The European Union is taking legal action against AstraZeneca over issues related to the company's COVID-19 vaccine deliveries.
The legal action is being taken against the drug-maker because some terms of the contract between the two parties "have not been respected".
European Commission spokesman Stefan De Keersmaecker said that Brussels started its proceedings last Friday "on the basis of breaches of the advanced purchase agreement".
"Some terms of the contract have not been respected and the company has not been in a position to come up with a reliable strategy to ensure the timely delivery of doses," he said.
"What matters to us in this case is that we want to make sure that there's a speedy delivery of a sufficient number of doses that European citizens are entitled to, and which have been promised on the basis of the contract."
All 27 EU member states are said to be "fully aligned in their support of this procedure".
European Commissioner for Health and Food Safety Stella Kyriakides added that the priority is to ensure vaccine deliveries take place to protect the health of Europeans.
Writing on Twitter, she said: “Our priority is to ensure Covid-19 vaccine deliveries take place to protect the health of [the European Union].”
“Every vaccines dose counts. Every vaccine dose saves lives."
Our priority is to ensure #COVID19 vaccine deliveries take place to protect the health of 🇪🇺.
This is why @EU_Commission has decided jointly with all Member States to bring legal proceedings against #AstraZeneca.
Every vaccine dose counts. Every vaccine dose saves lives.
— Stella Kyriakides (@SKyriakidesEU) April 26, 2021
AstraZeneca has delivered just one-third of the vaccine it promised to the EU in the first quarter of this year.
Under its contract the company promised to deliver 180 million doses in the second quarter – around 1.8 million of which would have gone to Ireland.
The pharmaceutical giant now expects to deliver around 100 million doses in the first six months of the year.
In the Dáil on Thursday, Health Minister Stephen Donnelly said Ireland had joined the EU in suing AstraZeneca over its “complete failure” to meet its coronavirus vaccine delivery targets.
He added that the legal case was initiated by the European Commission and Ireland was on-board as one of the parties to it.
“With regard to AstraZeneca, a legal case has been initiated by the Commission and earlier this week, I have joined Ireland as one of the parties to that legal case – specifically around AstraZeneca's complete failure to meet its delivery contractual agreements for April, May and June,” he said.

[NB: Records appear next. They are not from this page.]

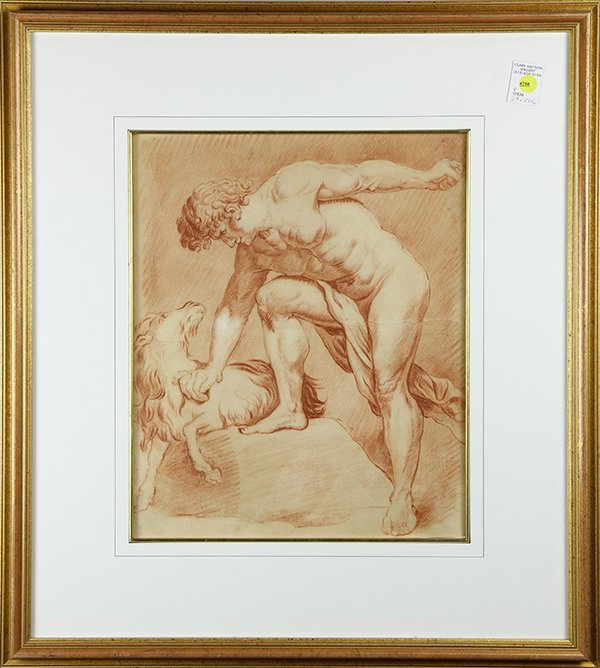 Drawing, European School (19th century) (1 of 1)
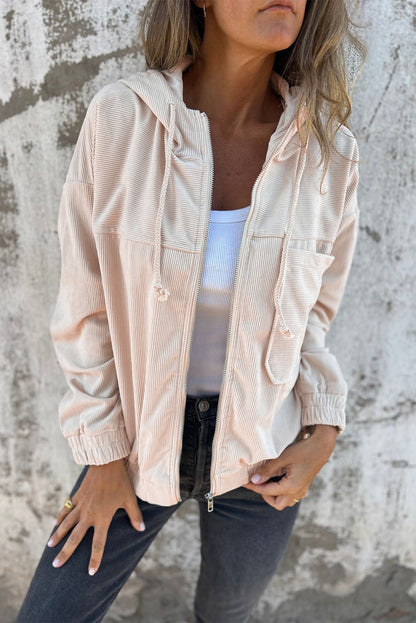 Zeitloser Vintage-Stil Jacke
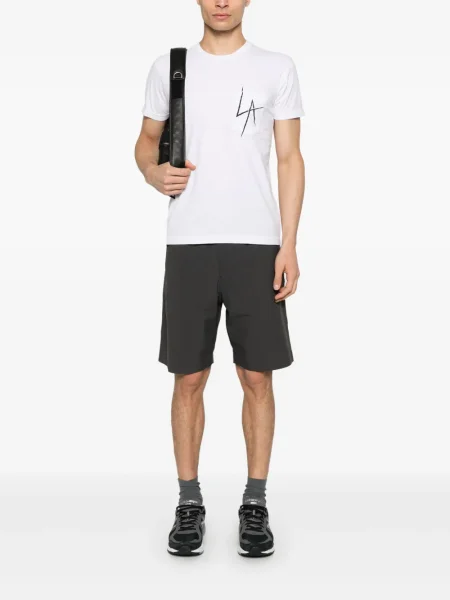 Tricou Local Authority alb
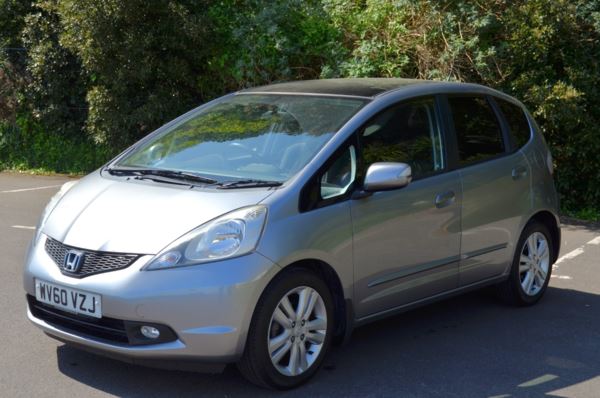 2010 (60) Honda Jazz 1.4 i-VTEC EX 5dr i-SHIFT Auto For Sale In Minehead, Somerset
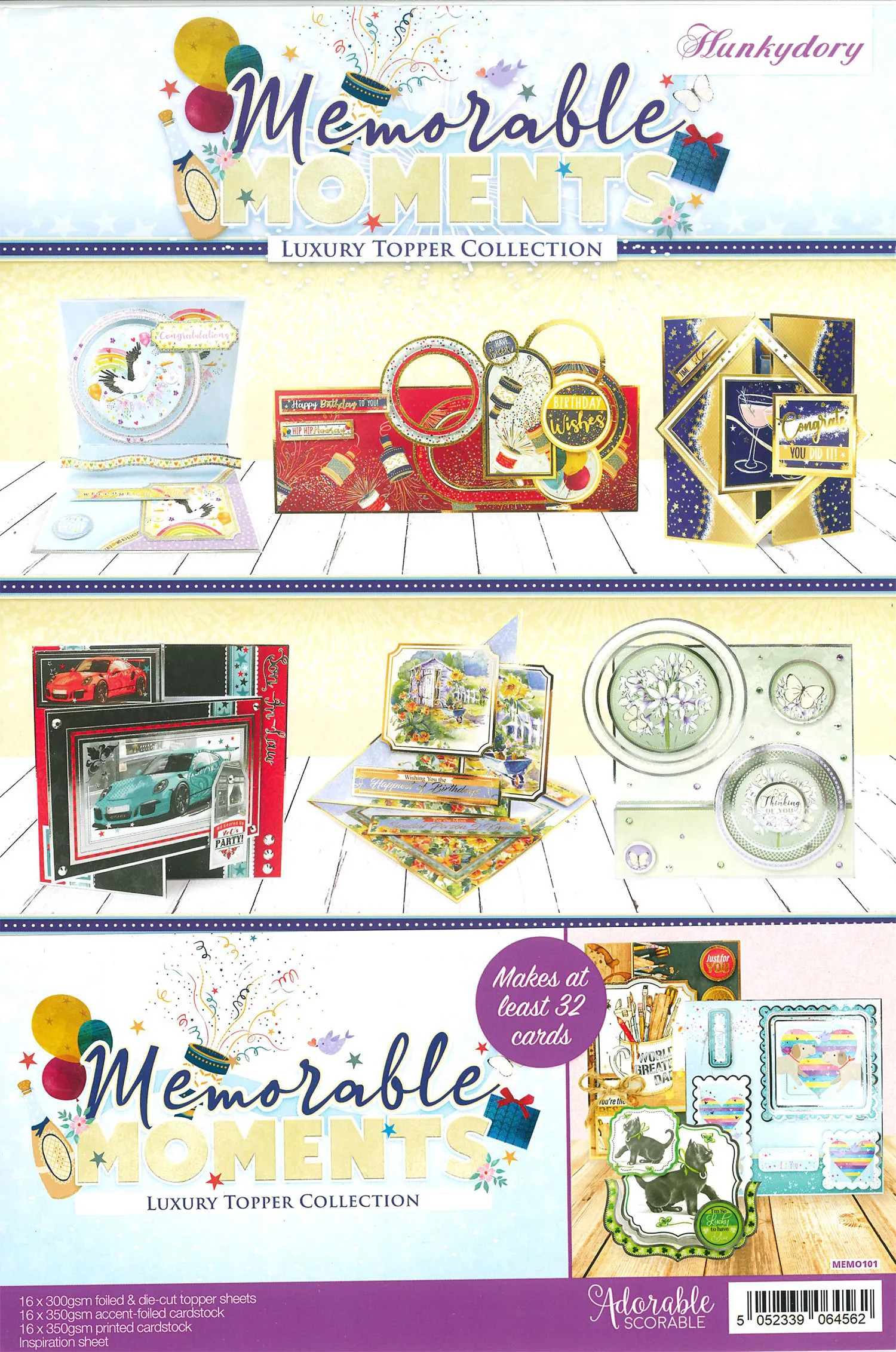 Memorable Moments Luxury Topper Collection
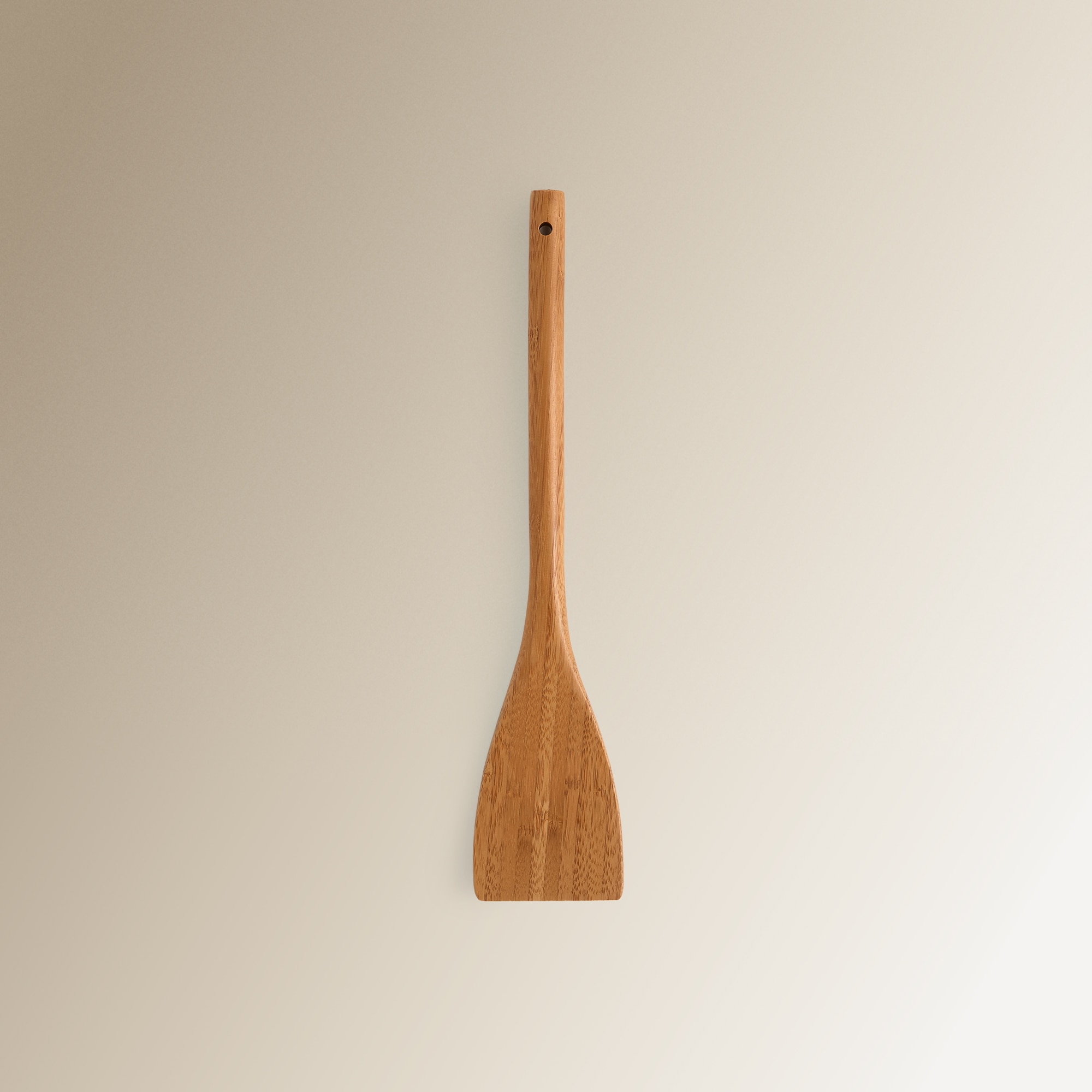 Espátula Lisa de Bambu 1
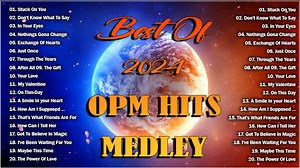 8.6K views · 30 reactions | OPM HITS MEDLEY 2024 ~ OPM CLASSIC MEDLEY 2024 ~ Old Song Sweet Memories 80s 90s ~ Coun On You | Hitz Music | Facebook
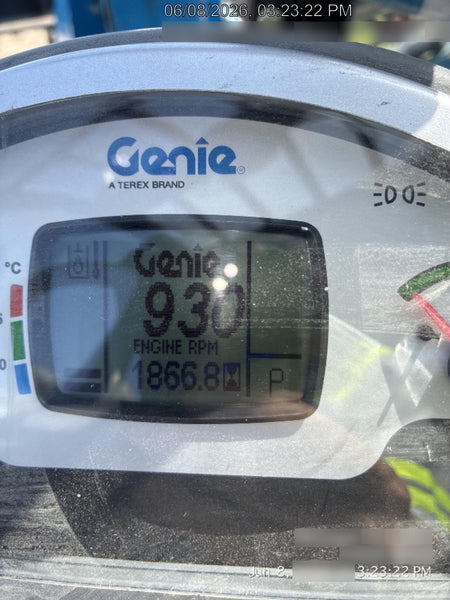 2021 GENIE GTH-5519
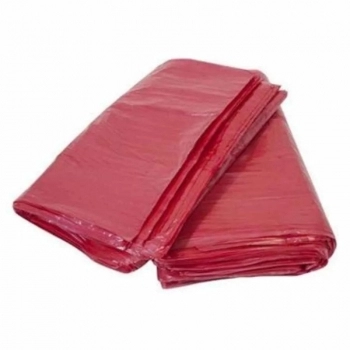 SACO LIXO BOMPRO VERMELHO 100L 0,04 75X90 FD100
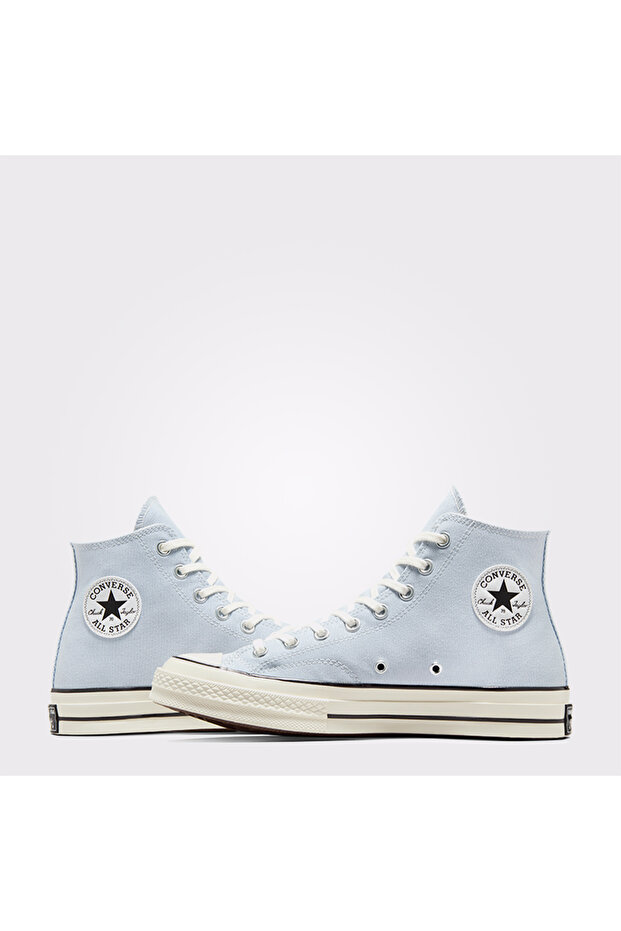 Chuck 70 Unisex Gri Sneaker - 3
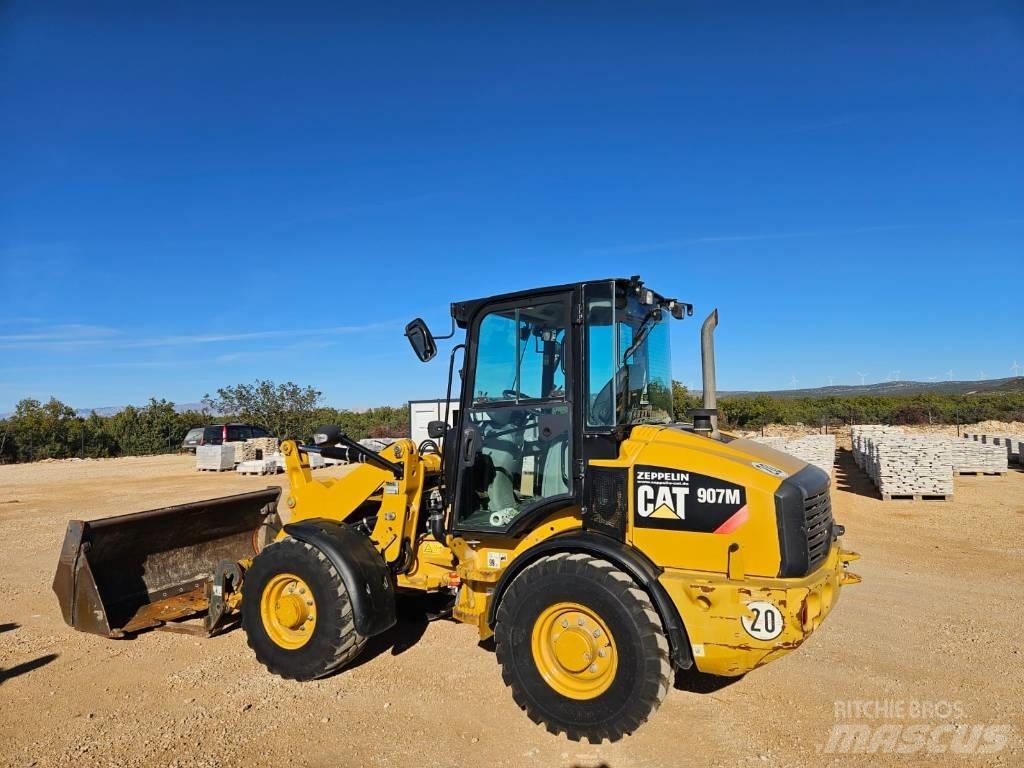 CAT 907 M Wheel loaders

However, later that day, the European Commission denied the claim by the Minister for Health that it has started a legal case against AstraZeneca.
A Commission spokesman said: “A decision to launch legal actions against the company has not been taken at this point in time.”
Additionally, Mr De Keersmaecker told a briefing on Thursday that "no decision has yet been taken with regard to the legal actions".